Records from a data source

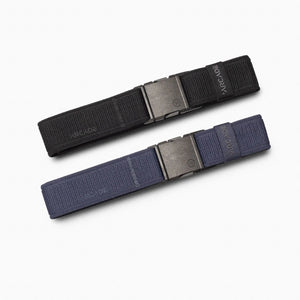The A2 Youth Kit by Arcade Belts features two fabric belts, one black and one navy blue, each with a rectangular metal buckle and machine-washable design—perfect for kids’ climbing gear.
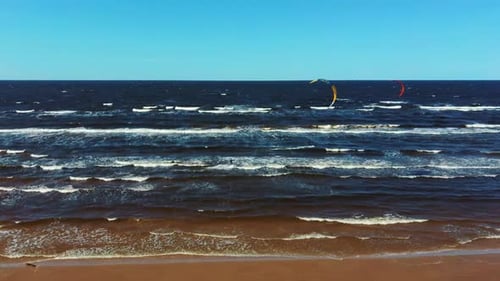 Aerial Shot of Kiteboarders and Kitesurfers of the Baltic Sea Latvia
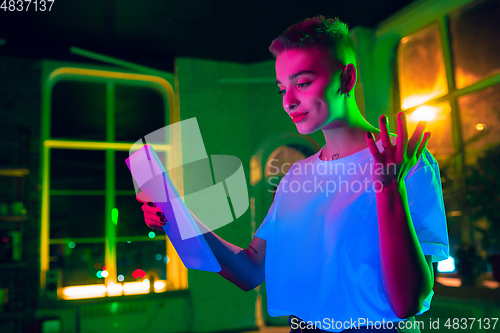 Image of Cinematic portrait of handsome young woman in neon lighted interior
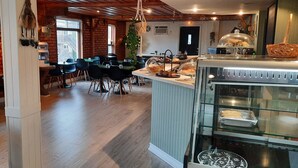 A cozy restaurant with a brick wall, wooden floors, and a central island with a glass display case. - KWE Café & Auberge (Pohenegamook)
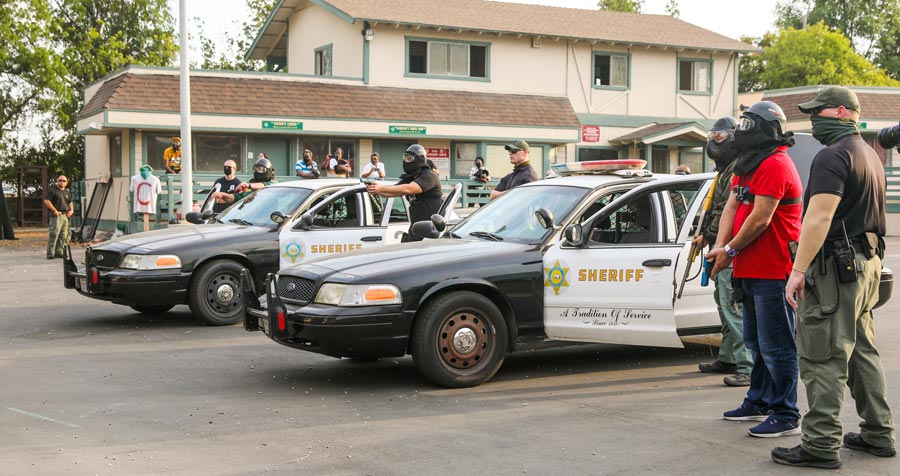 Civilians are outside infront of a Sheriff vehicle with it's doors open. Civilians are wearing protective head gear holding training pistols. Training deputies are on the side of them providing instruction.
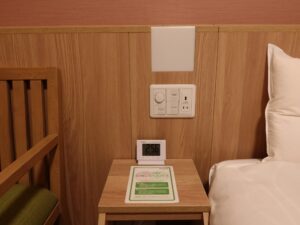 ドーミーイン水戸 ダブルルーム ベッド脇のスイッチとテーブル、目覚まし時計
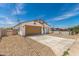 Exterior of the property featuring a two-car garage, rock landscaping, and partial fence at 11474 N 79Th Dr, Peoria, AZ 85345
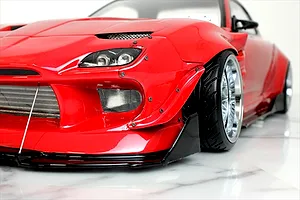 Close-up front quarter view of a red RC drift car body with wide body kit, aftermarket front bumper, and chrome wheels on a marble surface.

▸ **Exercise requirements**: In the data above, retype only the stretch from the line with "Aerial Shot of" through the line with "A cozy restaurant", word for word, and skip any pictures.

▸ **Task answer**:
 Aerial Shot of Kiteboarders and Kitesurfers of the Baltic Sea Latvia
 Image of Cinematic portrait of handsome young woman in neon lighted interior
 A cozy restaurant with a brick wall, wooden floors, and a central island with a glass display case. - KWE Café & Auberge (Pohenegamook)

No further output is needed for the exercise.